Since the disastrous launch of the RTX 50 series, NVIDIA has been unable to escape negative headlines: scalper bots are snatching GPUs away from consumers before official sales even begin, power connectors continue to melt, with no fix in sight, marketing is becoming increasingly deceptive, GPUs are missing processing units when they leave the factory, and the drivers, for which NVIDIA has always been praised, are currently falling apart. And to top it all off, NVIDIA is becoming increasingly insistent that media push a certain narrative when reporting on their hardware.
I said it’s essentially emulation, which it is. Its like WINE, which is also essentially emulation but isn’t emulation.

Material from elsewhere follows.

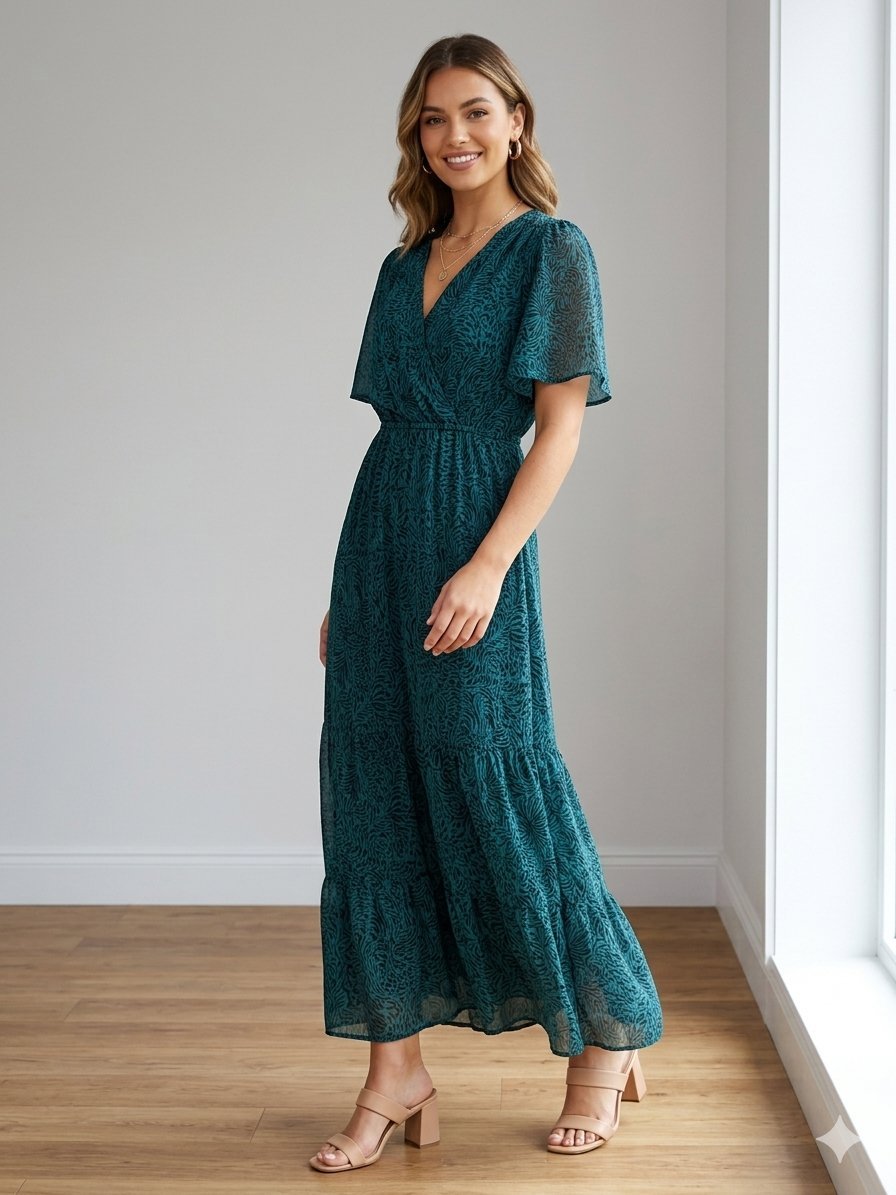 Robe longue fluide ycoo neuf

@FreedomAdvocate there is a reason why WINE = Wine is not (a) Emulator is used. So don’t call a api reimplementation a emulation specially since other api reimplementation have shown to be better than the original implementation from the hardware provider ( example dxvk on amd > the original amd dx implementation ) . But this gets us far from the original topics , my point was if nvidia wanted to have real competition they would have included all those new fance features into official api’s like for example DX or Vulkan or any other.

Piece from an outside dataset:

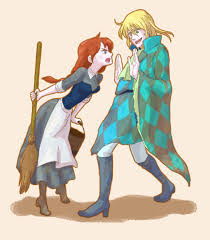 Young sophie get swept off her feet in a clip from howl's moving castle. 1 Howl S Moving Castle Book Tumblr Howl And Sophie Howl S Moving Castle Studio Ghibli Movies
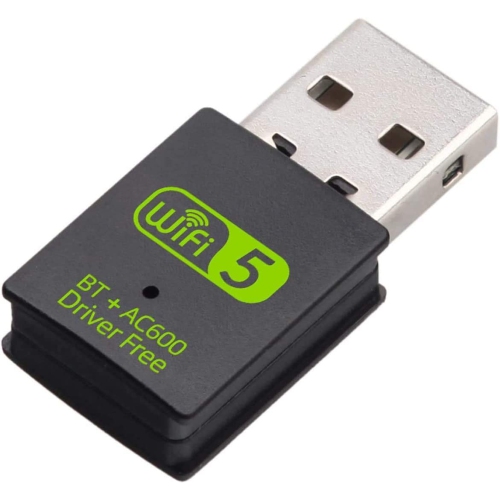 Adaptateur USB Wi-Fi Bluetooth, clé Wi-Fi bibande 2,4 GHz/5 GHz 600 mb/s, récepteur  réseau externe pour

They didn’t … and while not directly against the consumer it is against the consumer end.
So i have brought up another point why i call nvidia anti consumer … neither you like it or not.
I’m not sure if English isn’t your first language, or if you’re just being wilfully obtuse, but I didn’t call it emulation. I said it is essentially emulation, like WINE. I know WINE isn’t emulation, which is why I said it is “essentially” emulation because it’s doing the same thing - converting calls from one set of APIs to work on other hardware/architecture. It’s not emulation, but it’s essentially the same thing.

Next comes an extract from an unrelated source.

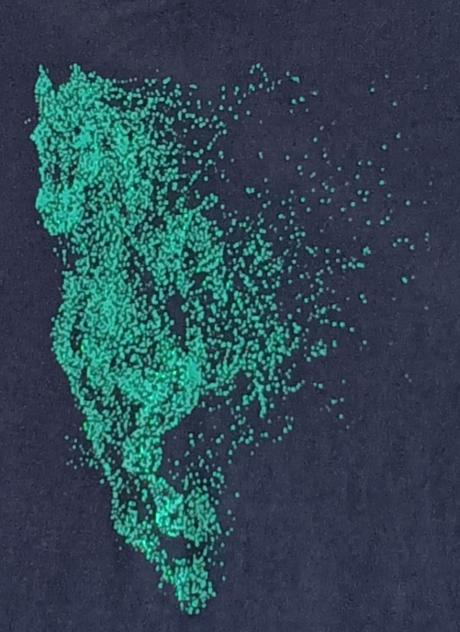 Dívčí triko tmavě modré kůň krátký rukáv tchibo, tchibo,158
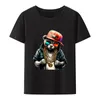 T-shirts pour hommes Cute Bear Of Wealth Y2k T-shirts en coton Hipster Cool à manches courtes Nouveauté Vêtements pour hommes Camisetas Koszulki Roupas Masculinas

Why would Nvidia want competition? AMD don’t want competition either, but they made FSR work on everything because they were so far behind Nvidia (and because it was all done in software, requiring no special hardware) that they have to give it away to try and catch up.
Companies making proprietary tech is not anti-consumer - unless of course you think that everything other than making everything free and open source is “anti-consumer”, which I am thinking you might?